◆ WHAT YOU ARE ASKED TO DO: Beginning at the top of the data below, write out every line exactly until you reach the line with "Celtic striker Griffiths", and include that line.

◆ DATA SECTION:
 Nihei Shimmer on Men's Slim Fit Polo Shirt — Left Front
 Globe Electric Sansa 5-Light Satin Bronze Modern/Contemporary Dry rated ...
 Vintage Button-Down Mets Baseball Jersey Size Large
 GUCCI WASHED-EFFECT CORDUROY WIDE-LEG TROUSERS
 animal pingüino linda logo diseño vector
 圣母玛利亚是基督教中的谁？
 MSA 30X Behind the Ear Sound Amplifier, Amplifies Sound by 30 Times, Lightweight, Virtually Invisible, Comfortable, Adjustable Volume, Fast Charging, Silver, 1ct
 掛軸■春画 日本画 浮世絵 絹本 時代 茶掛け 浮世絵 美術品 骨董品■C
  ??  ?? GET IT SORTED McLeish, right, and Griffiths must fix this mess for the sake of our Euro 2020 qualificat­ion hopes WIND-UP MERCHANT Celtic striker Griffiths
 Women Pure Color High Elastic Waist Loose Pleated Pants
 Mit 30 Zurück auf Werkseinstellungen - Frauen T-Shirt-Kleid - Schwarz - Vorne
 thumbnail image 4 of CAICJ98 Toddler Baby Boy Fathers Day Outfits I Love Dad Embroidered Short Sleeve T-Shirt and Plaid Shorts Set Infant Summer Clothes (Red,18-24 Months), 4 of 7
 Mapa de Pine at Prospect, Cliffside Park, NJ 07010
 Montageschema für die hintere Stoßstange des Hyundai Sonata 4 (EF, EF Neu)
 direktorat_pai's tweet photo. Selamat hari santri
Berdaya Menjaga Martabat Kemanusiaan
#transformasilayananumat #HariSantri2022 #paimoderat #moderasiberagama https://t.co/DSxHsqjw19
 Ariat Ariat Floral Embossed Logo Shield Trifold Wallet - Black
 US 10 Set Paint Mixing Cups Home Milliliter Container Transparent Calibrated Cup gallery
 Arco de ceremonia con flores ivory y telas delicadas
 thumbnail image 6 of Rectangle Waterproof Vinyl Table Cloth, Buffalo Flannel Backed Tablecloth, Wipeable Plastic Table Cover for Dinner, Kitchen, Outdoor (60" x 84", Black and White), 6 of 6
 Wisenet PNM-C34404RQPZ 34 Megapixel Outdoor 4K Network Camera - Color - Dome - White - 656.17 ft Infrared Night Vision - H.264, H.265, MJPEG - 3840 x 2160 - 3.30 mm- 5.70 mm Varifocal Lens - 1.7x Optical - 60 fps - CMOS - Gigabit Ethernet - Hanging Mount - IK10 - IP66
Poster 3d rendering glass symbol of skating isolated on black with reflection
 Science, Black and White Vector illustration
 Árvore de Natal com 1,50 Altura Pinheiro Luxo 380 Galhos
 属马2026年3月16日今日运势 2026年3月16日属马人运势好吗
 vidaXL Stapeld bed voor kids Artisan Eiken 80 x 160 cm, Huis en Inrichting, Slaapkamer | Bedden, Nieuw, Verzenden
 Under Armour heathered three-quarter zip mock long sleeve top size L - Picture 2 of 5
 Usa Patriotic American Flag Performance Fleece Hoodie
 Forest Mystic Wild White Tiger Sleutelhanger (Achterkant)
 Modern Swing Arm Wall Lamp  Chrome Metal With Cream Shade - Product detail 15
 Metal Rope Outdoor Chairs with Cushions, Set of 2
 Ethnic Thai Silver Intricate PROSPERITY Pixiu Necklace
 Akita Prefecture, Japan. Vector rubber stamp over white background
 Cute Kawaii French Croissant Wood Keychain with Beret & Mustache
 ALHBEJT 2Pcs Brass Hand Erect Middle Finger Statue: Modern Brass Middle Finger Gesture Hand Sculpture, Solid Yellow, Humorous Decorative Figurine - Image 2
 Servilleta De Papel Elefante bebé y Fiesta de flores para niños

◆ EXERCISE RESULT:
 Nihei Shimmer on Men's Slim Fit Polo Shirt — Left Front
 Globe Electric Sansa 5-Light Satin Bronze Modern/Contemporary Dry rated ...
 Vintage Button-Down Mets Baseball Jersey Size Large
 GUCCI WASHED-EFFECT CORDUROY WIDE-LEG TROUSERS
 animal pingüino linda logo diseño vector
 圣母玛利亚是基督教中的谁？
 MSA 30X Behind the Ear Sound Amplifier, Amplifies Sound by 30 Times, Lightweight, Virtually Invisible, Comfortable, Adjustable Volume, Fast Charging, Silver, 1ct
 掛軸■春画 日本画 浮世絵 絹本 時代 茶掛け 浮世絵 美術品 骨董品■C
  ??  ?? GET IT SORTED McLeish, right, and Griffiths must fix this mess for the sake of our Euro 2020 qualificat­ion hopes WIND-UP MERCHANT Celtic striker Griffiths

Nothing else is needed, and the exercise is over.